- Bazouriyeh Location within Lebanon
- Coordinates: 33°15′14″N 35°16′18″E﻿ / ﻿33.25389°N 35.27167°E
- Grid position: 175/295 PAL
- Country: Lebanon
- Governorate: South Governorate
- District: Tyre District
- Founded by: Ibrahim Y. Nehme

Government
- Elevation: 175 m (574 ft)

Population
- • Total: 20,000
- Time zone: UTC+2 (EET)
- • Summer (DST): UTC+3 (EEST)
- Dialing code: +9617

= Bazouriyeh =

Bazouriyeh (البازورية) is a municipality in Southern Lebanon, located in Tyre District, Governorate of South Lebanon.

==Etymology==
According to E. H. Palmer, the name means "producing pot-herbs".

==History==
In 1596, it was named as a village, al-Bazuri, in the Ottoman nahiya (subdistrict) of Tibnin under the liwa' (district) of Safad, with a population of 22 households, all Muslim. The villagers paid a fixed tax rate of 25% on agricultural products, such as wheat, barley, summer crops, fruit trees, goats and beehives, in addition to occasional revenues; a total of 4,243 akçe.

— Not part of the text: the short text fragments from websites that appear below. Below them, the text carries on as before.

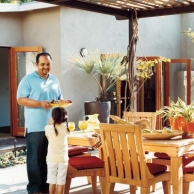 man and small girl eating at outdoor table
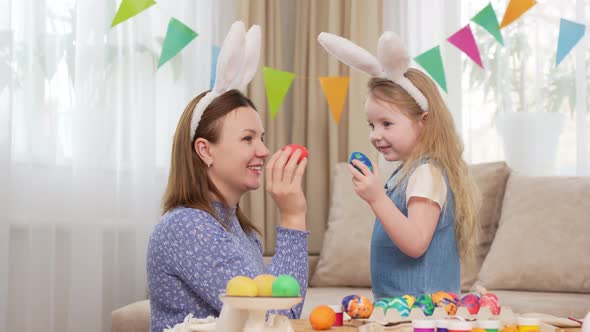 Mother and Sweet Daughter Play with Easter Eggs in Game of Who Will Break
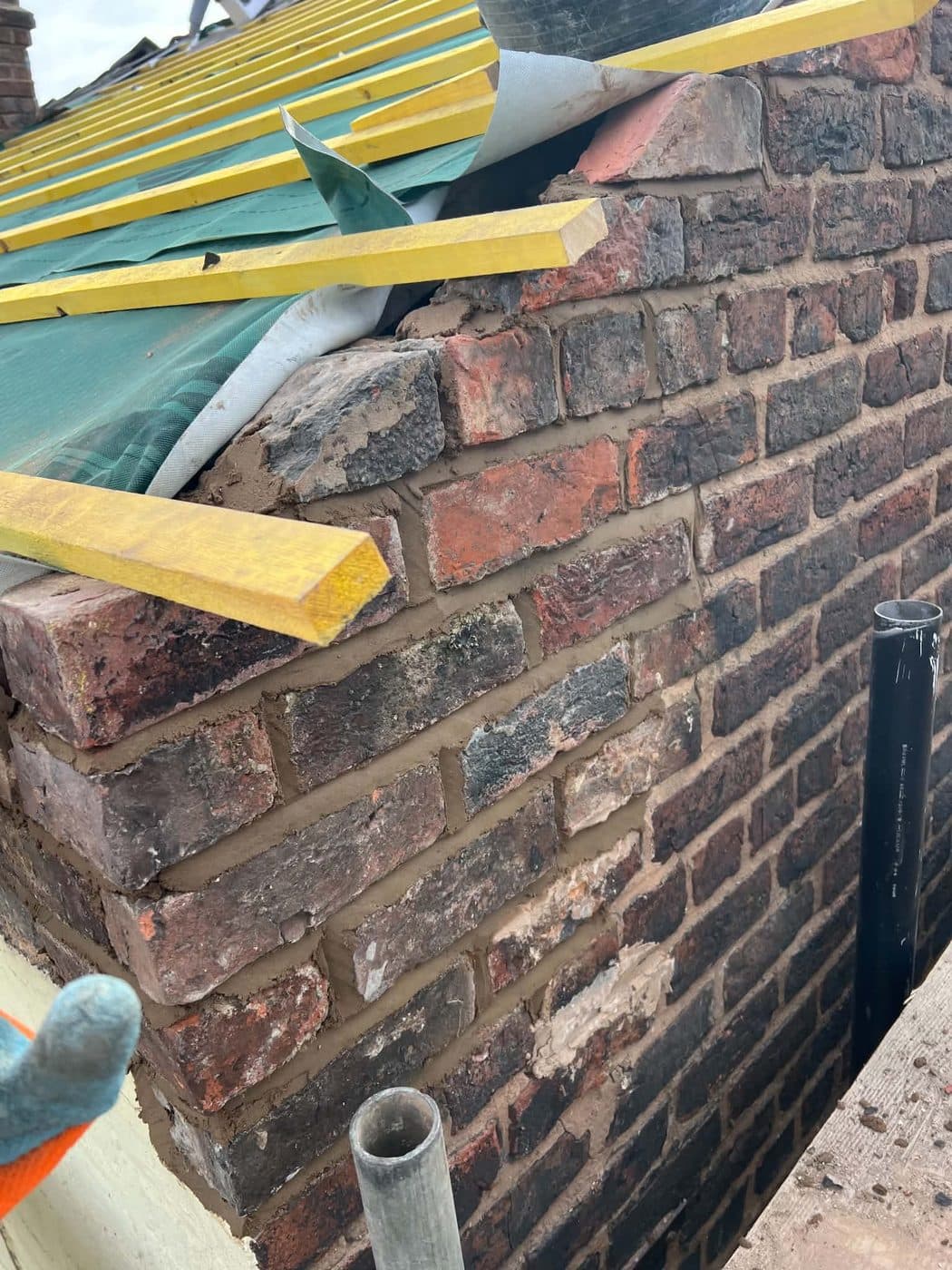 Rebuilt and repointed brick gable end apex, Birkenhead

In 1881, the PEF's Survey of Western Palestine (SWP) described it: "A village built of stone, containing 300 Metawileh, situated on a ridge. One oil-press and one rock-cut cistern are the only antiquities. Water is obtained from a spring half a mile to the west."

==Demographics==
In 2014 Muslims made up 99.55% of registered voters in Bazouriyeh. 97.81% of the voters were Shiite Muslims.

==Notable people==
Bazouriyeh was the ancestral home of Hassan Nasrallah.